The Symposium on The Islamic Revolutionary regime and Challenges to International Law in the Grey Zone was convened by The Hague Initiative for International Cooperation (thinc.) at The Hague on 6 May 2026. Twelve expert speakers examined the interface between the international legal system and the multi-layered threat environment in which it operates, particularly in grey zones of international law being exploited by the Islamic revolutionary regime in Iran and other Islamist actors.
The threat posed by Islamism includes: nuclear proliferation; ballistic missile and armed drone capabilities; restriction of freedom of navigation; and systematic use of proxy armed forces such as Hezbollah and Hamas.
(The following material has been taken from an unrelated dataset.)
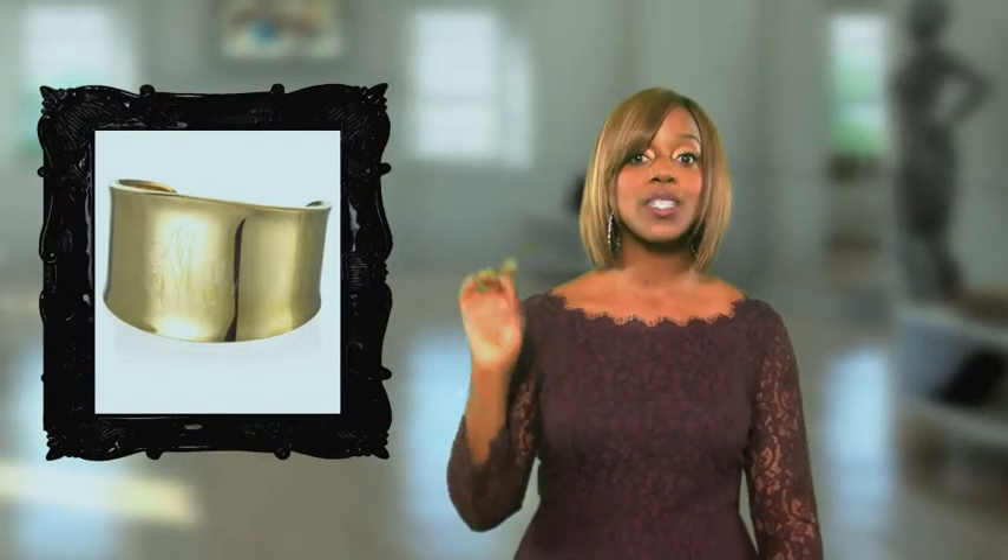One of the biggest jewelry trends of the season is the bold cuff. Studded, metallic, or jeweled styles look beautiful on a delicate wrist.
These dimensions occur mostly in the “Grey Zone” of activities below the threshold of open armed conflict, by destabilizing oil markets, harming regional and global economies and exporting terrorism and transnational organized crime.
Taken together, these elements form a coordinated threat ecosystem in which Islamist state and non-state actors collaborate with the intention of causing sustained and strategic harm, primarily to Western oriented states. Hybrid actors such as the Islamic Revolutionary Guard Corps (IRGC), Hezbollah, and Hamas, operating globally through transnational networks and often in coordination with state actors, challenge existing legal frameworks and enforcement mechanisms.
The result is that the rules of the post-WWII international legal system, which was developed in another era and to meet other challenges – for example in relation to the use of force, self-defence and belligerent occupation, human rights, and genocide – are increasingly insufficient to address the reality of Islamist threats to global security.
The Symposium identified a number of specific areas where international law and legal system infrastructure restrict the capacity of Western-oriented states – acting collectively or individually – to remove the multi-layered threats posed by Islamism. The Symposium concluded with proposed changes to current law and procedures to address this problem.